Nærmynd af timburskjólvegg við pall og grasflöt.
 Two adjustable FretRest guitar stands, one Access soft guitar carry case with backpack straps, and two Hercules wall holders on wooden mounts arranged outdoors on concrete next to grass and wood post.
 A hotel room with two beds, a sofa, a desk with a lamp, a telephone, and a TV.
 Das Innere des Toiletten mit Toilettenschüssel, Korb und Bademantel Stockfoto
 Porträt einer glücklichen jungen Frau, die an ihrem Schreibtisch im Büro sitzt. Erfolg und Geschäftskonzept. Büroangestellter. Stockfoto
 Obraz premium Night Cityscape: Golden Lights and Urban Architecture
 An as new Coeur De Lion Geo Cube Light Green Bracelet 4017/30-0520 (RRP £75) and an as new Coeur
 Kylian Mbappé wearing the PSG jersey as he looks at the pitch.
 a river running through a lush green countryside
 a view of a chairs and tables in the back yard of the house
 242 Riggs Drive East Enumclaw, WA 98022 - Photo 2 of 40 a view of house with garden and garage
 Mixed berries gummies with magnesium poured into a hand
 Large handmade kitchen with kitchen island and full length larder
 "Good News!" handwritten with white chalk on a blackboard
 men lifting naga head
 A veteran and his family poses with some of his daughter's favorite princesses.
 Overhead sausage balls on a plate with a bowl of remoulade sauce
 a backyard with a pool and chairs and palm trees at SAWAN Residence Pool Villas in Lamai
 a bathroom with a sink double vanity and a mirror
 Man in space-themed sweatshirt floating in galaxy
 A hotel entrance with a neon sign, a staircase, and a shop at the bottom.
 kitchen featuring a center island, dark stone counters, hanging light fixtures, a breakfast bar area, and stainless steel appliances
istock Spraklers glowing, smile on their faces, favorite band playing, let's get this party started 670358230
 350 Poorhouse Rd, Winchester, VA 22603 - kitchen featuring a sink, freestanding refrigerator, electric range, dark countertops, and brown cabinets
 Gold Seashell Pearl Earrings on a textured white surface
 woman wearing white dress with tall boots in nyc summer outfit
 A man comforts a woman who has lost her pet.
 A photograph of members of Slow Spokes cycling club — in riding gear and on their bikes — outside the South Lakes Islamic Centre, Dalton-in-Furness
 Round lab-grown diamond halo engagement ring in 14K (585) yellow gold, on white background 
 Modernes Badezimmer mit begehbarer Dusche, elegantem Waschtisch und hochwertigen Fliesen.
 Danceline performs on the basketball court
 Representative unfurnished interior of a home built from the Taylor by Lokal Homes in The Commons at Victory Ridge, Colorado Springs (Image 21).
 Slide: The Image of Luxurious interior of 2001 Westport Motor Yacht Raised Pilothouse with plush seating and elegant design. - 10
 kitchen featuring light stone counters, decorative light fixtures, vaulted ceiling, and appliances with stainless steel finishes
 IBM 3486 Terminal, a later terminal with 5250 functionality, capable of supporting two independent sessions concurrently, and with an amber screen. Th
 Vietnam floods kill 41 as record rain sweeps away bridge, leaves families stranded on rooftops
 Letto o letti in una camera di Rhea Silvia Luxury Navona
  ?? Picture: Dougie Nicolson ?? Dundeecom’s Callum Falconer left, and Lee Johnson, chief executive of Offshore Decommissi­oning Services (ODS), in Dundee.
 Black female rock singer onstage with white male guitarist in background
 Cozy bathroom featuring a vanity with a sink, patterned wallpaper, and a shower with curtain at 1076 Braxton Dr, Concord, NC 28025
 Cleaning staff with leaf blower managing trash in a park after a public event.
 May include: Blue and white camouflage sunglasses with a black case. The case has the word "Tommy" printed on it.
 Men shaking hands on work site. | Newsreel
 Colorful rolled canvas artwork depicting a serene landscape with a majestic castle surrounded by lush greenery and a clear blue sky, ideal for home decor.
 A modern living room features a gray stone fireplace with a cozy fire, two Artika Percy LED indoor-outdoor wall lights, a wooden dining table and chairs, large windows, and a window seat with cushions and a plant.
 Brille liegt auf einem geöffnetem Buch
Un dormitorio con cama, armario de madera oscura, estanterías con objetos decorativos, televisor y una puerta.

__Work item__
The lines needed run from the first line of the data through the line containing "350 Poorhouse Rd, Winchester, VA"; give them again exactly and nothing else.

__Task result__
Nærmynd af timburskjólvegg við pall og grasflöt.
 Two adjustable FretRest guitar stands, one Access soft guitar carry case with backpack straps, and two Hercules wall holders on wooden mounts arranged outdoors on concrete next to grass and wood post.
 A hotel room with two beds, a sofa, a desk with a lamp, a telephone, and a TV.
 Das Innere des Toiletten mit Toilettenschüssel, Korb und Bademantel Stockfoto
 Porträt einer glücklichen jungen Frau, die an ihrem Schreibtisch im Büro sitzt. Erfolg und Geschäftskonzept. Büroangestellter. Stockfoto
 Obraz premium Night Cityscape: Golden Lights and Urban Architecture
 An as new Coeur De Lion Geo Cube Light Green Bracelet 4017/30-0520 (RRP £75) and an as new Coeur
 Kylian Mbappé wearing the PSG jersey as he looks at the pitch.
 a river running through a lush green countryside
 a view of a chairs and tables in the back yard of the house
 242 Riggs Drive East Enumclaw, WA 98022 - Photo 2 of 40 a view of house with garden and garage
 Mixed berries gummies with magnesium poured into a hand
 Large handmade kitchen with kitchen island and full length larder
 "Good News!" handwritten with white chalk on a blackboard
 men lifting naga head
 A veteran and his family poses with some of his daughter's favorite princesses.
 Overhead sausage balls on a plate with a bowl of remoulade sauce
 a backyard with a pool and chairs and palm trees at SAWAN Residence Pool Villas in Lamai
 a bathroom with a sink double vanity and a mirror
 Man in space-themed sweatshirt floating in galaxy
 A hotel entrance with a neon sign, a staircase, and a shop at the bottom.
 kitchen featuring a center island, dark stone counters, hanging light fixtures, a breakfast bar area, and stainless steel appliances
istock Spraklers glowing, smile on their faces, favorite band playing, let's get this party started 670358230
 350 Poorhouse Rd, Winchester, VA 22603 - kitchen featuring a sink, freestanding refrigerator, electric range, dark countertops, and brown cabinets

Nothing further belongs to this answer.